Though the summit looks close, there is a lot of ridge between 12,000′ and 14,000′, with a couple of bumps to cross and a fair amount of slow travel on semi-stable talus and bad rock. The SummitPost description mentioned traversing around one of the bumps on the north side, and continuing the day’s theme of poor route-finding on my part, I chose the wrong bump. What followed was some sketchy, cold traversing on snow-covered third class choss. I’m fairly used to it, and my relatively new and aggressively-lugged shoes handled it well; Shannon had a sketchier time of things in approach shoes with worn-down dot-rubber. The “correct” bump to traverse around is probably the last one, just 100′ or so below the summit, but it is not necessary — there’s a fairly obvious class 3-4 downclimb on the east side. The best approach to the whole ridge seems to be to stay near the crest, where it is most solid, and simply accept the up-and-down.

Palisades across the way

The air temperature was probably 35-40, so it was comfortable while moving in the sun and out of the wind, it was eyeball-freezingly cold in the steady wind near the summit. We took shelter in the lee of the summit hut, digging through the chest full of paper, booklets, and writing implements to find something that looked most like a register. I was glad I had thrown in the parka at the last minute, as I would otherwise not have been able to hang around before retreating as quickly as possible.

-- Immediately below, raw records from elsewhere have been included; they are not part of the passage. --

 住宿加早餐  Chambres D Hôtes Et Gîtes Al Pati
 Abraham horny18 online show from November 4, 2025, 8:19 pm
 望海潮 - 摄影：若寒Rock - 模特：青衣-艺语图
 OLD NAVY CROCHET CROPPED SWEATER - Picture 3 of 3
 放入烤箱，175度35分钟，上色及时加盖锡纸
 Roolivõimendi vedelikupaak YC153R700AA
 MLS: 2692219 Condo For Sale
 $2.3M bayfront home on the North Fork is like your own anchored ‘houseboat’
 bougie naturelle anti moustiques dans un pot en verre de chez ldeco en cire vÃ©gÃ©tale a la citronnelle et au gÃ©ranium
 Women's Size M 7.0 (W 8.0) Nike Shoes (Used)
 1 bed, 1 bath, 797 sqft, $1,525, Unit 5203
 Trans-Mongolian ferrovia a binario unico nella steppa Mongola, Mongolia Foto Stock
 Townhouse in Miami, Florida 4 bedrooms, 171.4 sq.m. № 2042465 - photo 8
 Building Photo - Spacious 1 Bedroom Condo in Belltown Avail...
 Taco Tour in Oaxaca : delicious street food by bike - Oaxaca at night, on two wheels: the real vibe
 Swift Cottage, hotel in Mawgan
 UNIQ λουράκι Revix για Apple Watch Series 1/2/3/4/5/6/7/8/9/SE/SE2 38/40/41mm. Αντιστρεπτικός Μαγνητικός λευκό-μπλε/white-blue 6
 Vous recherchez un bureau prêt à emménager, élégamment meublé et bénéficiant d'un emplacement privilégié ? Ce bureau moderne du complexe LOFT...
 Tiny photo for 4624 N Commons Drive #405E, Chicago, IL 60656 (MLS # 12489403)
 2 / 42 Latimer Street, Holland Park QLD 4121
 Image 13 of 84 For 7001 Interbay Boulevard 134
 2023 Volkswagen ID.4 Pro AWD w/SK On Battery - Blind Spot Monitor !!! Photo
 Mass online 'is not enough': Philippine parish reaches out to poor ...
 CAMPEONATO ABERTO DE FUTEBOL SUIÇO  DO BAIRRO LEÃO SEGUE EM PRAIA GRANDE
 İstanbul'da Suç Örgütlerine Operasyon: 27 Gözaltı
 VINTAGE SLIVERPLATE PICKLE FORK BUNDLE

The less said about the way down, the better. I managed to choose a different bad route to the upper mine. We were both stoked to finally see trail again above the mine, and still had enough energy to jog a bit of the descent. The trail to the cabins was much easier to find during the day, though still obscure in places. It turns out that it crosses the stream-bed just above the arrow and ladder on top, and leaves it at the bottom to follow the old power line road. Though it is cairned, this bottom junction is very easy to miss at night. Surprisingly, despite my best efforts to make life difficult, we made it back to the cars with no headlamp time, albeit barely. It was another surprisingly cold night in the valley, so it took me awhile to make my hands work well enough to make some tea and find food. Neither of us felt like driving anywhere, so we soon retreated out of the wind to our respective cars.